WORK TO COMPLETE: Only the lines from the one containing "エステ Eve [nail ＊wax＊HBL]のネイルデザイン" through the end of the listing are to be repeated, exactly and without pictures.

INPUT:
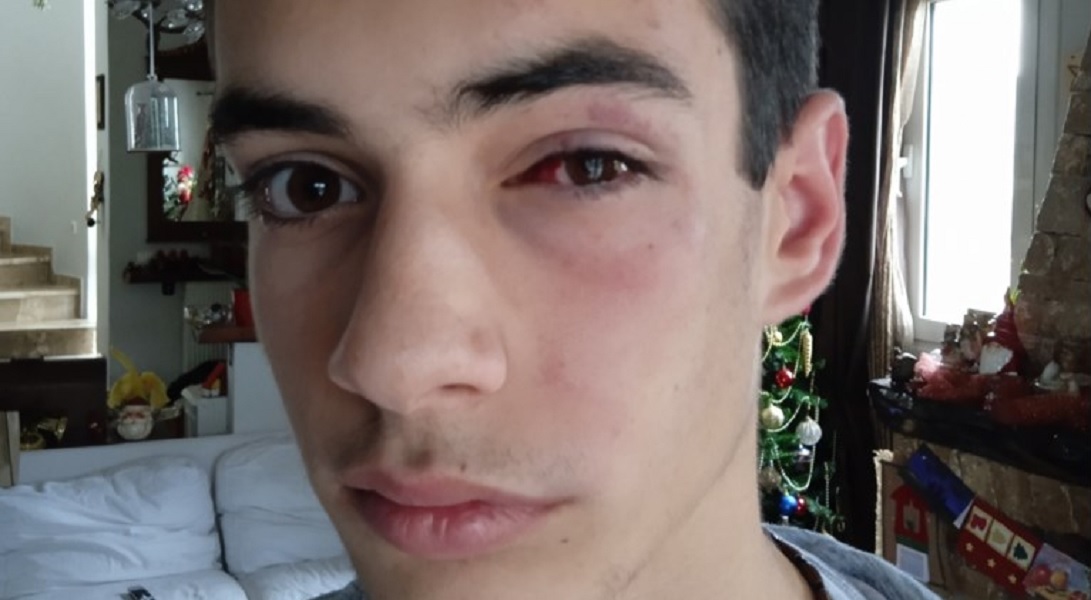 "Απομονώστε τις οικογένειες που μεγαλώνουν "μάγκες" και νταήδες"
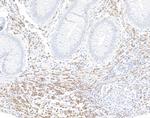 CD247/CD3Z Antibody in Immunohistochemistry (Paraffin) (IHC (P))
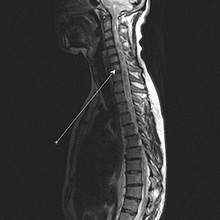 Astrocitomul maduvei spinarii - tratament in clinica din Moscova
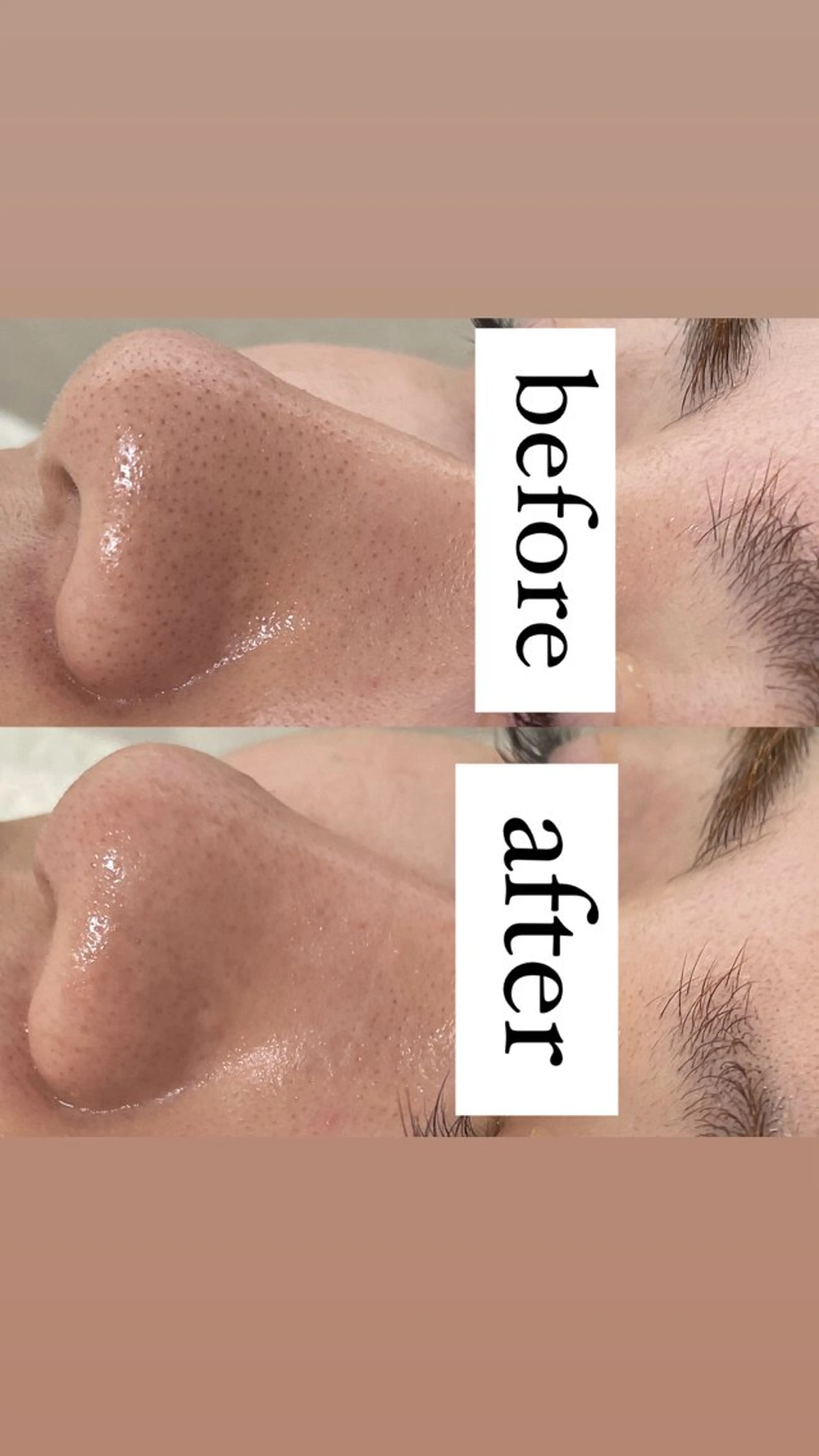 エステ Eve [nail ＊wax＊HBL]のネイルデザイン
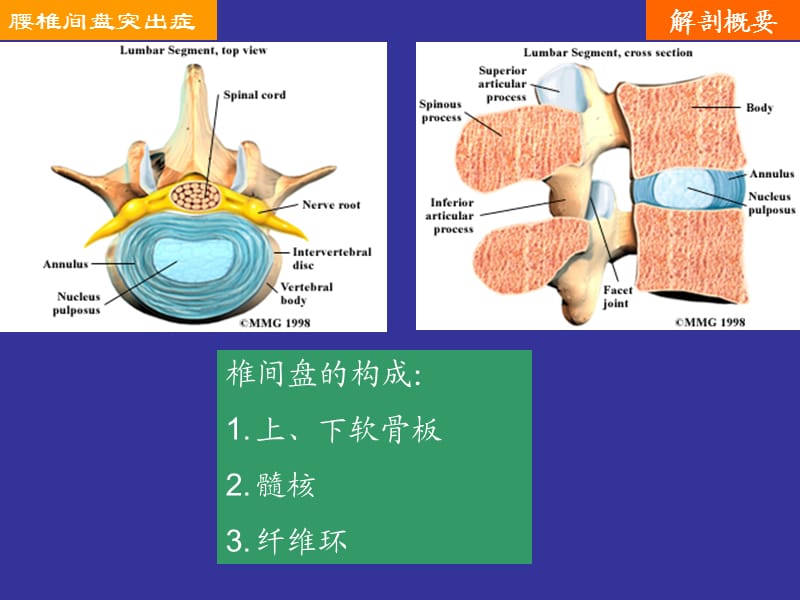 腰椎间盘突出症教学课件.ppt_第3页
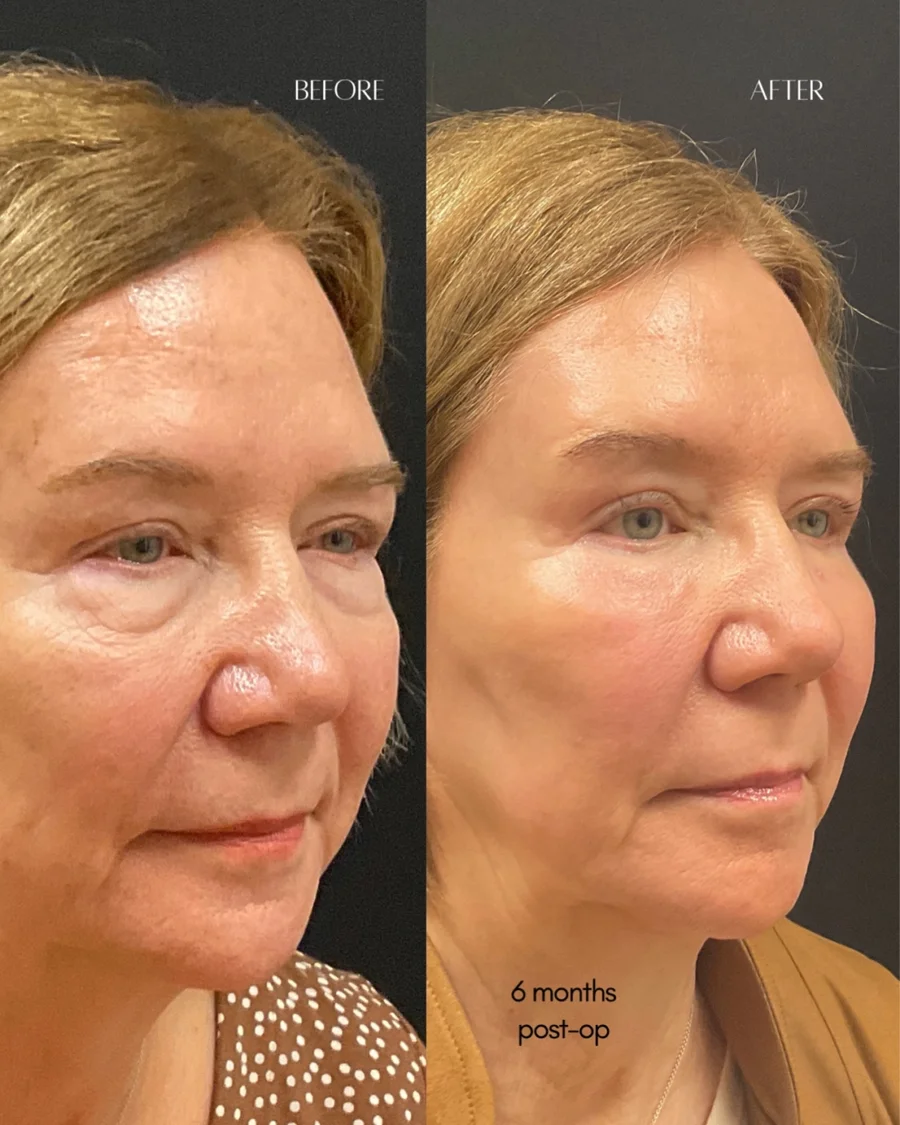 Before and after oculofacial plastic surgery results in Atlanta, GA, performed by Dr. Sahitya Reddy.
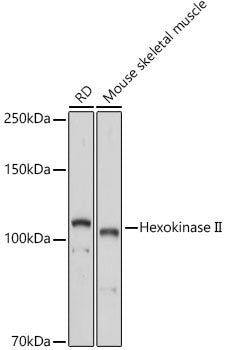 Hexokinase II Rabbit pAb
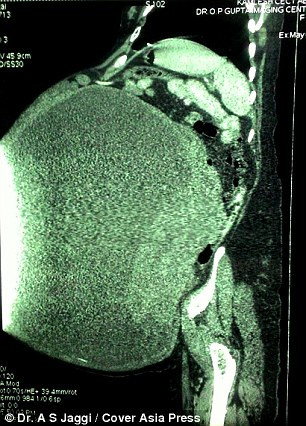 Soc: Khoi u buong trung 97kg khoi co the benh nhan-Hinh-2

ANSWER TO THIS TASK:
 エステ Eve [nail ＊wax＊HBL]のネイルデザイン
 腰椎间盘突出症教学课件.ppt_第3页
 Before and after oculofacial plastic surgery results in Atlanta, GA, performed by Dr. Sahitya Reddy.
 Hexokinase II Rabbit pAb
 Soc: Khoi u buong trung 97kg khoi co the benh nhan-Hinh-2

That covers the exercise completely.